◆ **Work request**
From the listing below, pull each line that includes "subway".

◆ **Raw data**

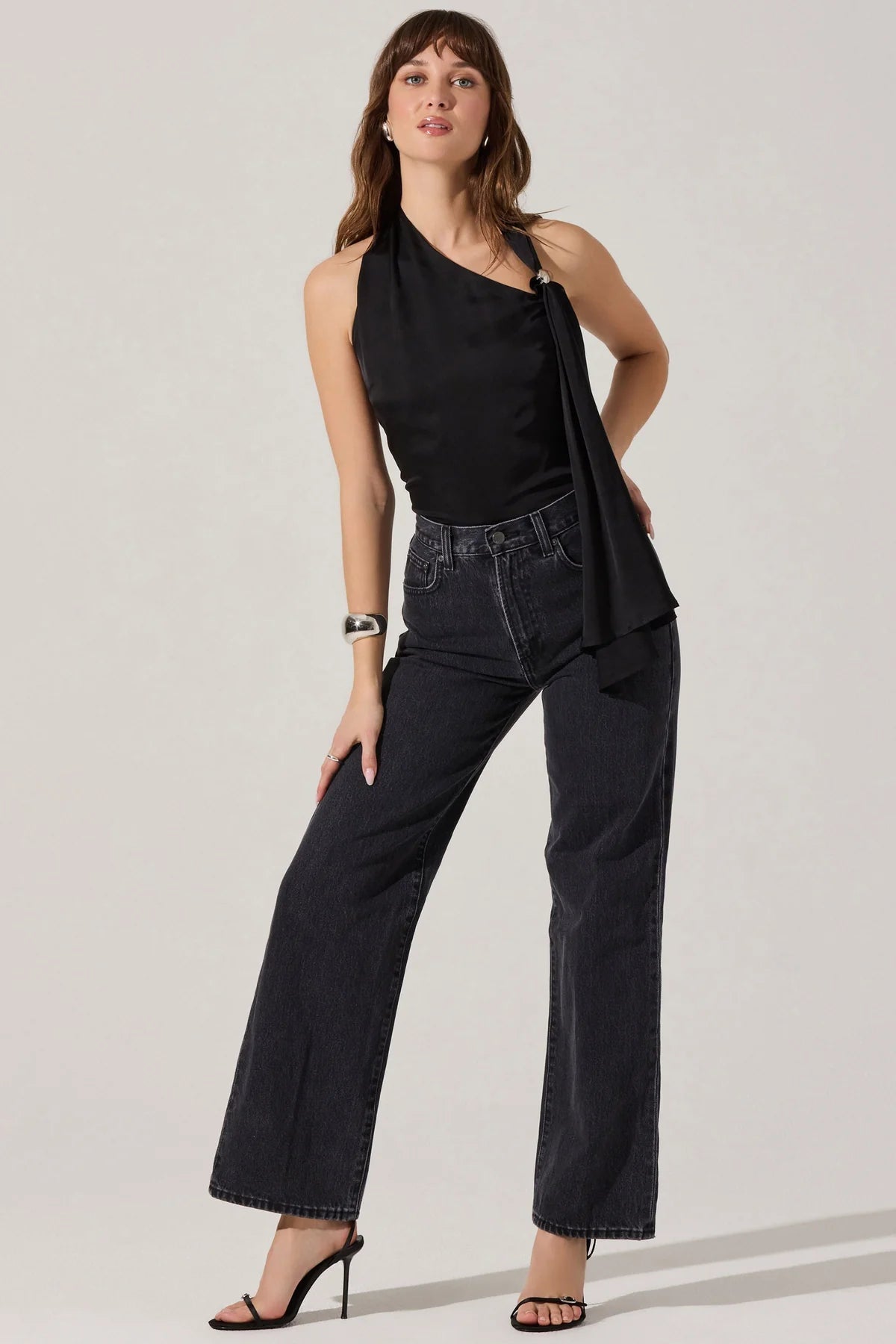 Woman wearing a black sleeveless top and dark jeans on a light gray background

==

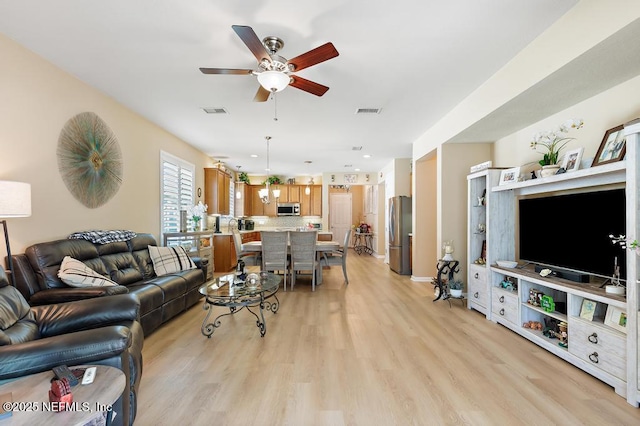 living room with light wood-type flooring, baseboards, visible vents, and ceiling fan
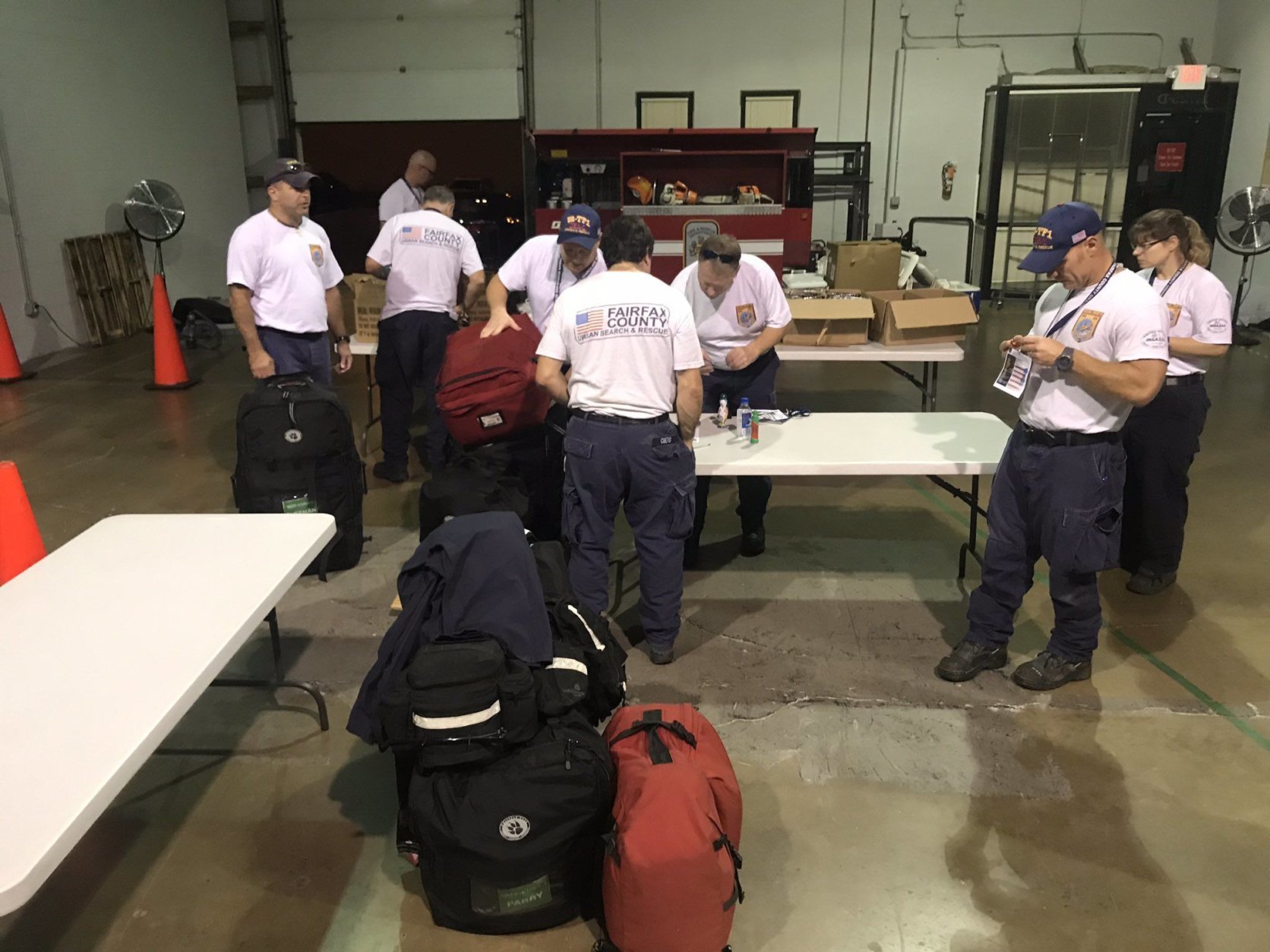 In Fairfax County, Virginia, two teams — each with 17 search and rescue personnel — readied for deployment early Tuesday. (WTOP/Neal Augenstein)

==

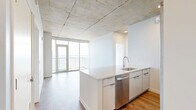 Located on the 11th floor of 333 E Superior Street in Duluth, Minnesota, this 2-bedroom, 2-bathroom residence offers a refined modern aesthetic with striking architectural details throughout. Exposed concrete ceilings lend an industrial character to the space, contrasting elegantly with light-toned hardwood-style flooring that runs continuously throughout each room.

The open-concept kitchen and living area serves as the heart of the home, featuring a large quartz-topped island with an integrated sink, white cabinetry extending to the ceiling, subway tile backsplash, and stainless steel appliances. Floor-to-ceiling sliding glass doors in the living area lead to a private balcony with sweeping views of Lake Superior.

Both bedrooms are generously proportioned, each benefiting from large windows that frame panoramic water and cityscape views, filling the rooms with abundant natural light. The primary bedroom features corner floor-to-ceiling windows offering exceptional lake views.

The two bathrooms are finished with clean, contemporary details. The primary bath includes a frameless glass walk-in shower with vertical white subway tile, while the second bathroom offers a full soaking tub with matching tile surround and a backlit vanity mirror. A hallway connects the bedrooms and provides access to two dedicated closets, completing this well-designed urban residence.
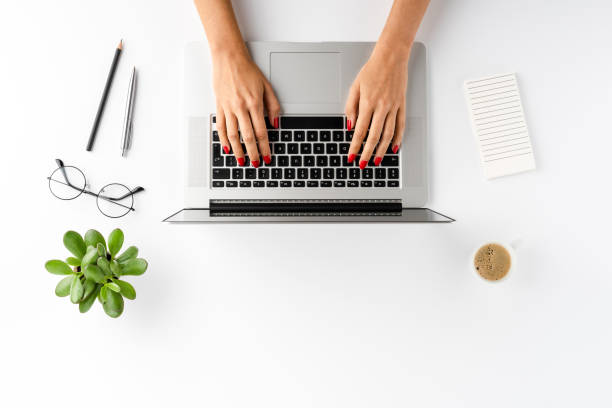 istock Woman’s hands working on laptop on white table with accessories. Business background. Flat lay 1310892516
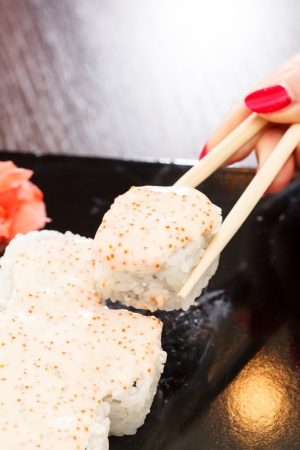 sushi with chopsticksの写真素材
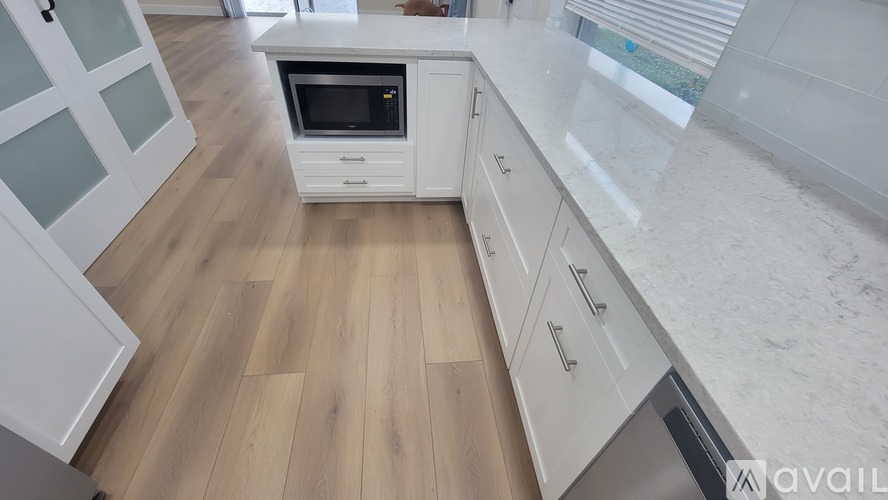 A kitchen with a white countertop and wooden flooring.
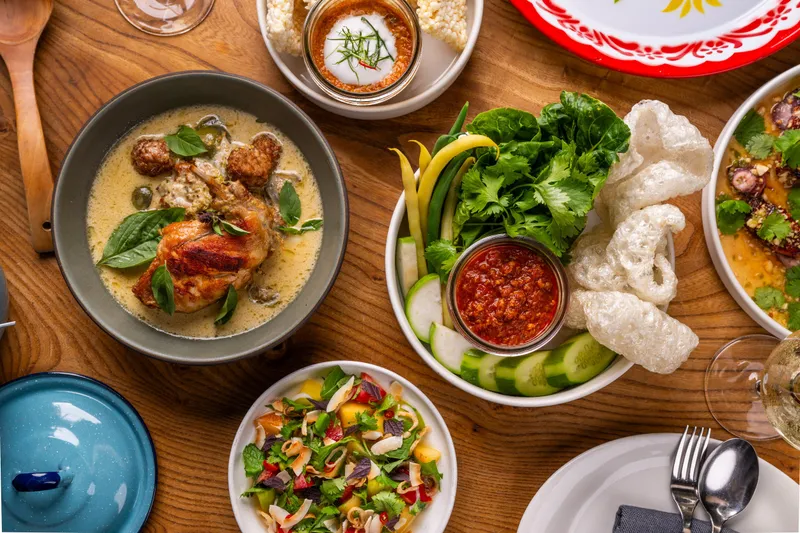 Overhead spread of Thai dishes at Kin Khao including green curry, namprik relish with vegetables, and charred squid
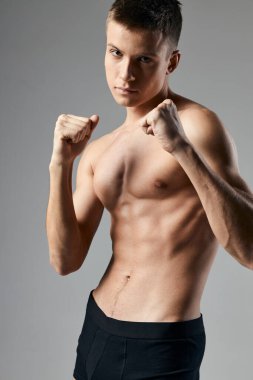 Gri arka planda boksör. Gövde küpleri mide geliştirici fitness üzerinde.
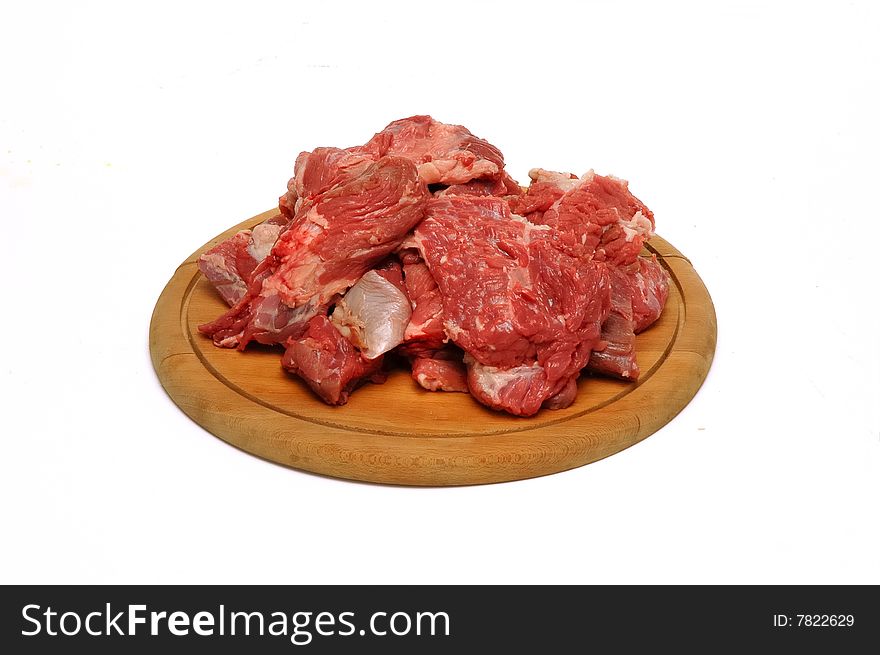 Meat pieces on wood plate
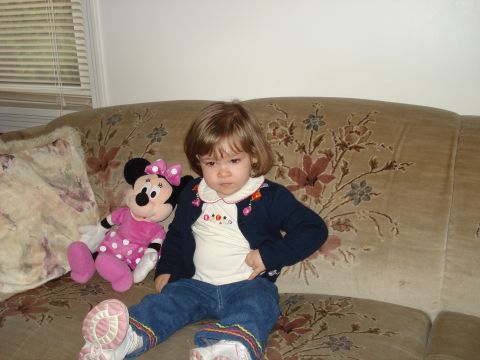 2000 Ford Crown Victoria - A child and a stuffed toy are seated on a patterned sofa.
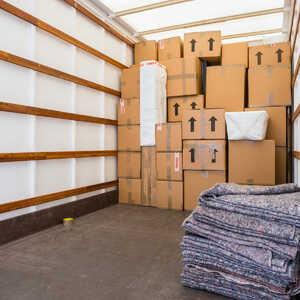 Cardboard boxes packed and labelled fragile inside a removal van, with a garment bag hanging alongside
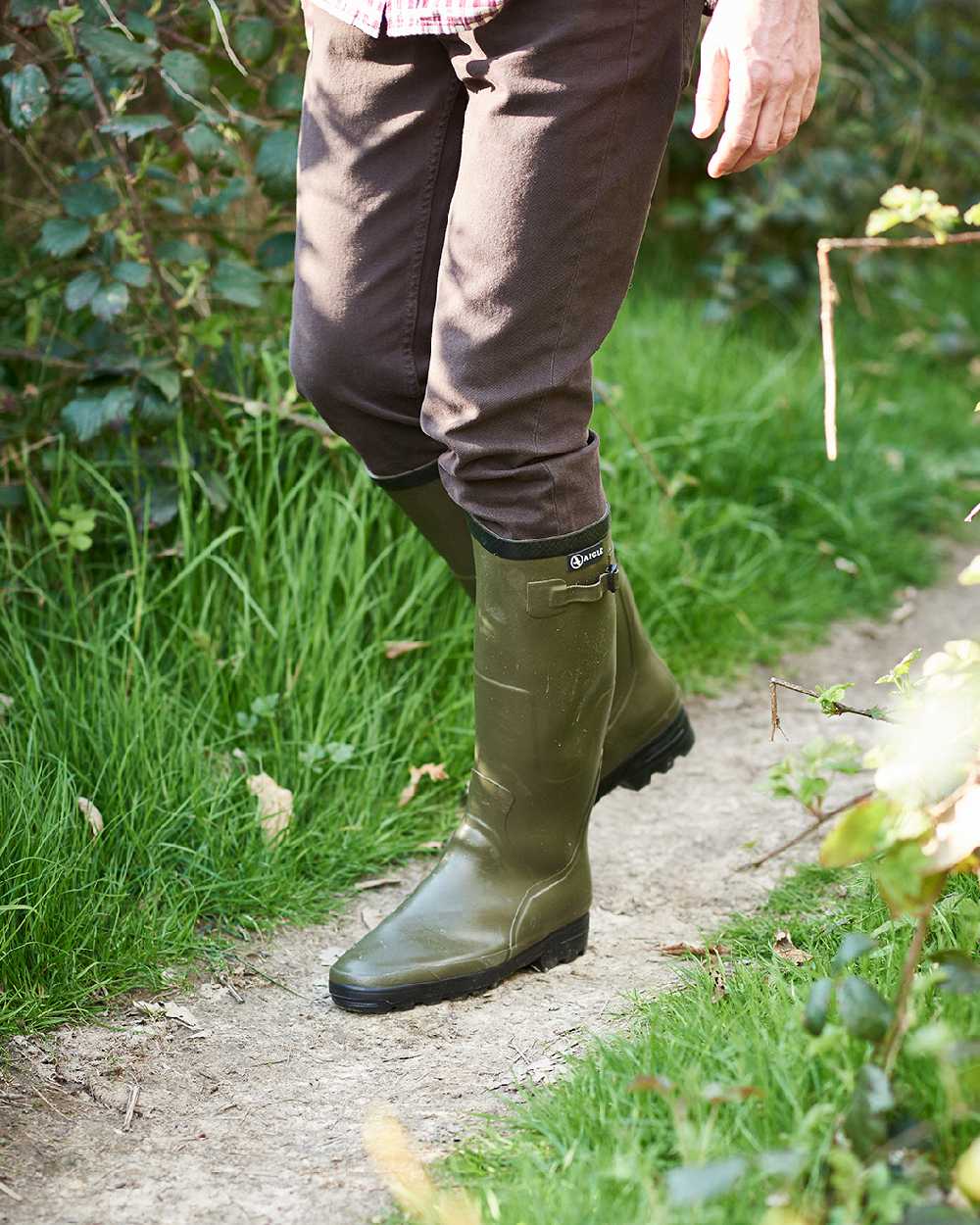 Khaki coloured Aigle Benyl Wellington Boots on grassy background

◆ **Answer box**
The open-concept kitchen and living area serves as the heart of the home, featuring a large quartz-topped island with an integrated sink, white cabinetry extending to the ceiling, subway tile backsplash, and stainless steel appliances. Floor-to-ceiling sliding glass doors in the living area lead to a private balcony with sweeping views of Lake Superior.
The two bathrooms are finished with clean, contemporary details. The primary bath includes a frameless glass walk-in shower with vertical white subway tile, while the second bathroom offers a full soaking tub with matching tile surround and a backlit vanity mirror. A hallway connects the bedrooms and provides access to two dedicated closets, completing this well-designed urban residence.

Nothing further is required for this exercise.